- [EXTRACTED RECORDS]
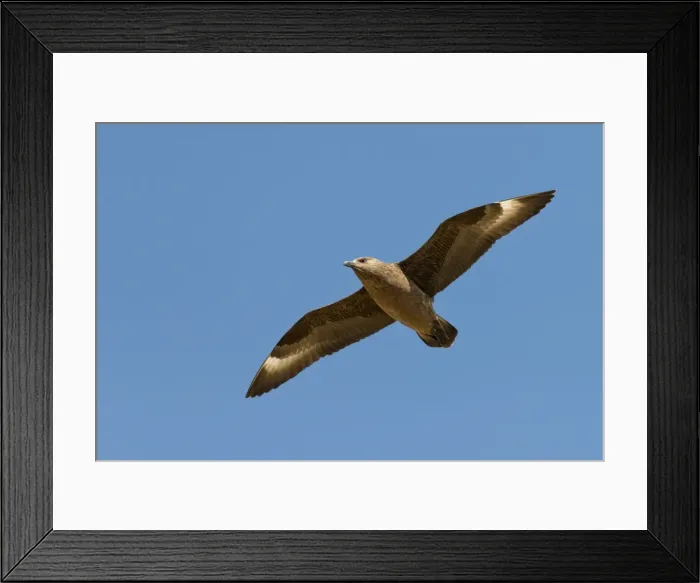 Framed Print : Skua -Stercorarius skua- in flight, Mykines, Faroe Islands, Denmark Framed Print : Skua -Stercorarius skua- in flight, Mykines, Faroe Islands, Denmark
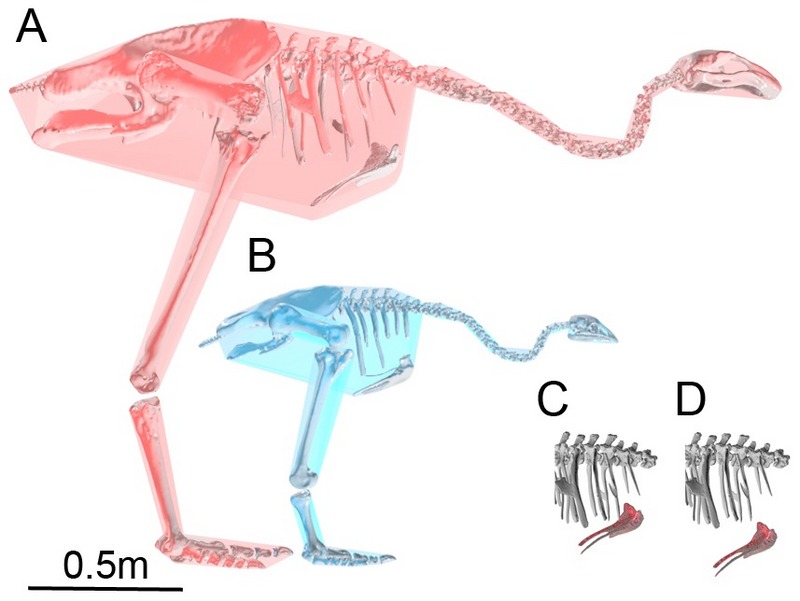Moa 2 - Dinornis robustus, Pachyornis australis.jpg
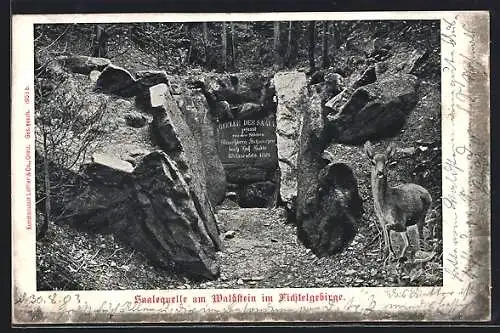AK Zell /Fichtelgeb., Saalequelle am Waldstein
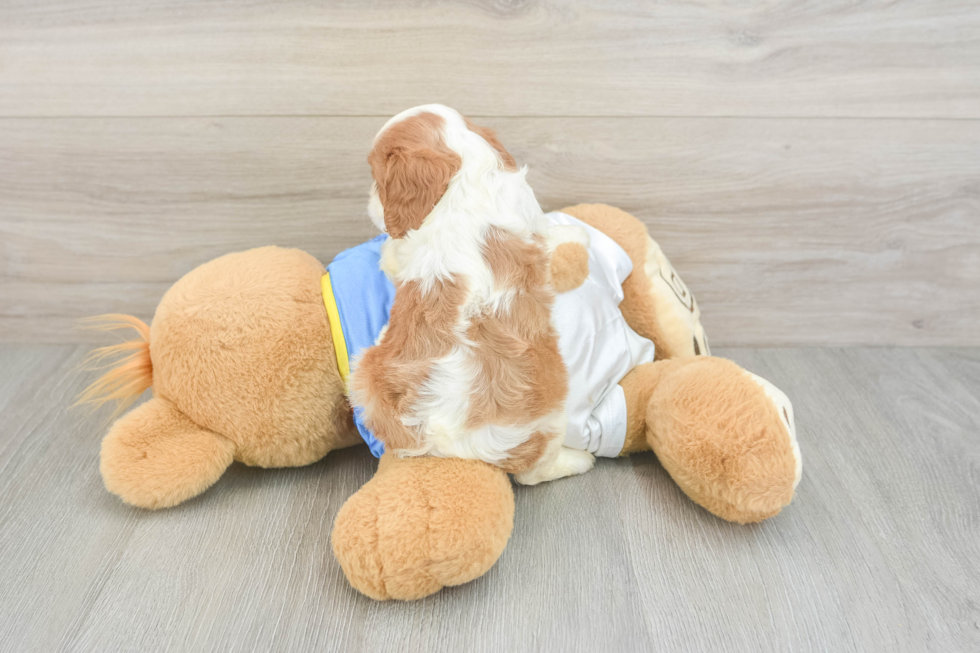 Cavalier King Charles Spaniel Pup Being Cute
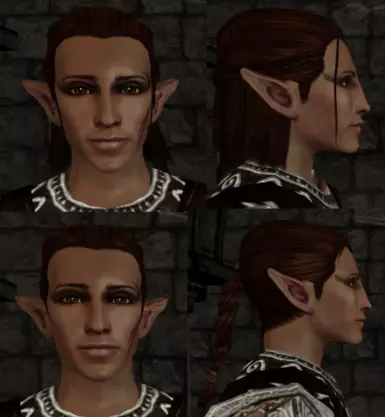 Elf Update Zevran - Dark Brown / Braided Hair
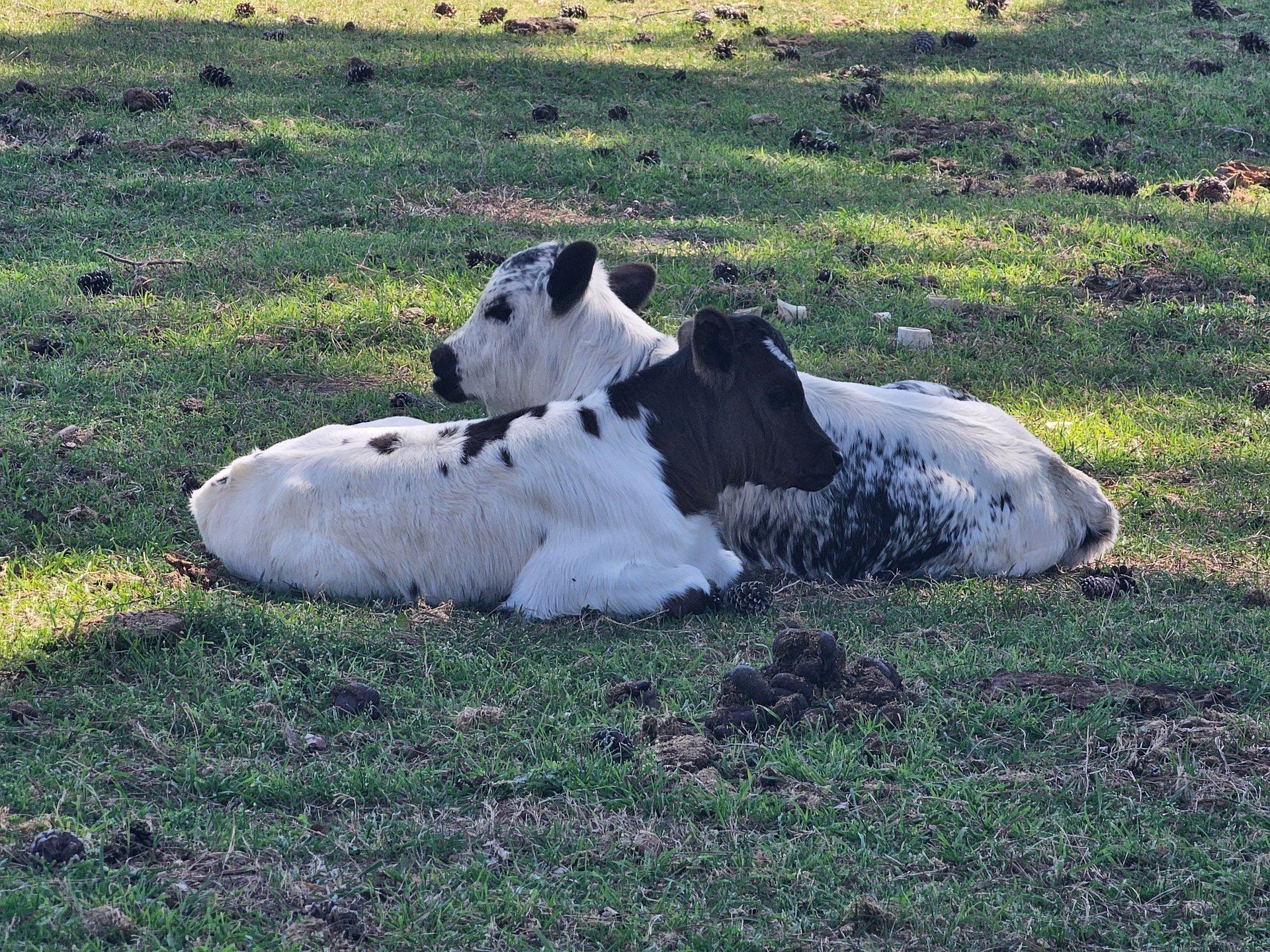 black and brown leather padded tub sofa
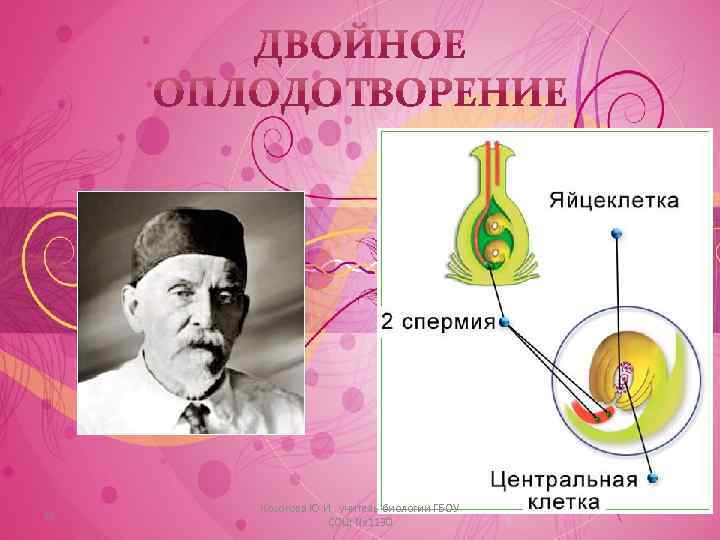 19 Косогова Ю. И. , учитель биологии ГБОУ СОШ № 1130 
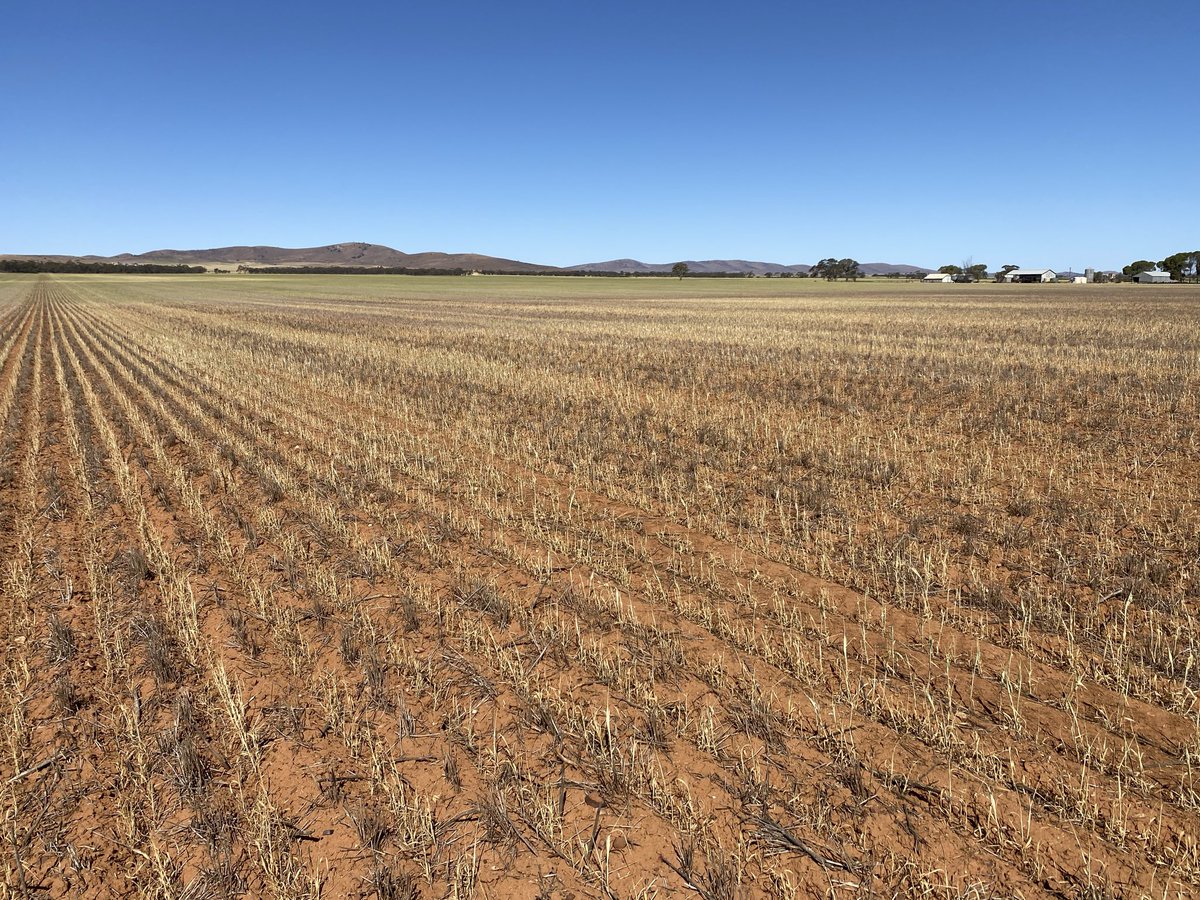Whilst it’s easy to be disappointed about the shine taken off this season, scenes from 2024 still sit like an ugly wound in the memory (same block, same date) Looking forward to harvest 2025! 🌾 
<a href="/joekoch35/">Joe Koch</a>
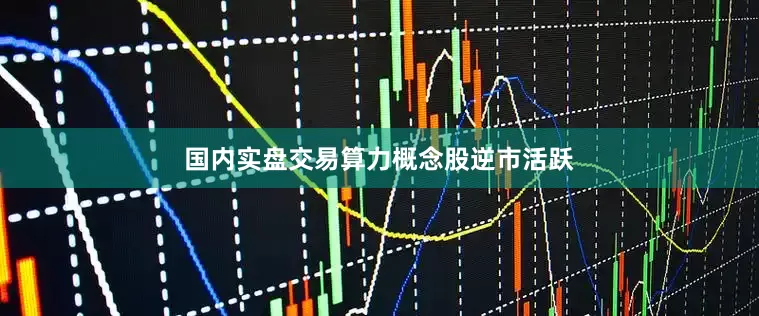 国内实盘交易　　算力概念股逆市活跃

- [ASSIGNMENT]
Copy the data in full. No pictures belong in the copy.

- [YOUR RESPONSE]
 Framed Print : Skua -Stercorarius skua- in flight, Mykines, Faroe Islands, Denmark Framed Print : Skua -Stercorarius skua- in flight, Mykines, Faroe Islands, Denmark
Moa 2 - Dinornis robustus, Pachyornis australis.jpg
AK Zell /Fichtelgeb., Saalequelle am Waldstein
 Cavalier King Charles Spaniel Pup Being Cute
 Elf Update Zevran - Dark Brown / Braided Hair
 black and brown leather padded tub sofa
 19 Косогова Ю. И. , учитель биологии ГБОУ СОШ № 1130 
Whilst it’s easy to be disappointed about the shine taken off this season, scenes from 2024 still sit like an ugly wound in the memory (same block, same date) Looking forward to harvest 2025! 🌾 
<a href="/joekoch35/">Joe Koch</a>
 国内实盘交易　　算力概念股逆市活跃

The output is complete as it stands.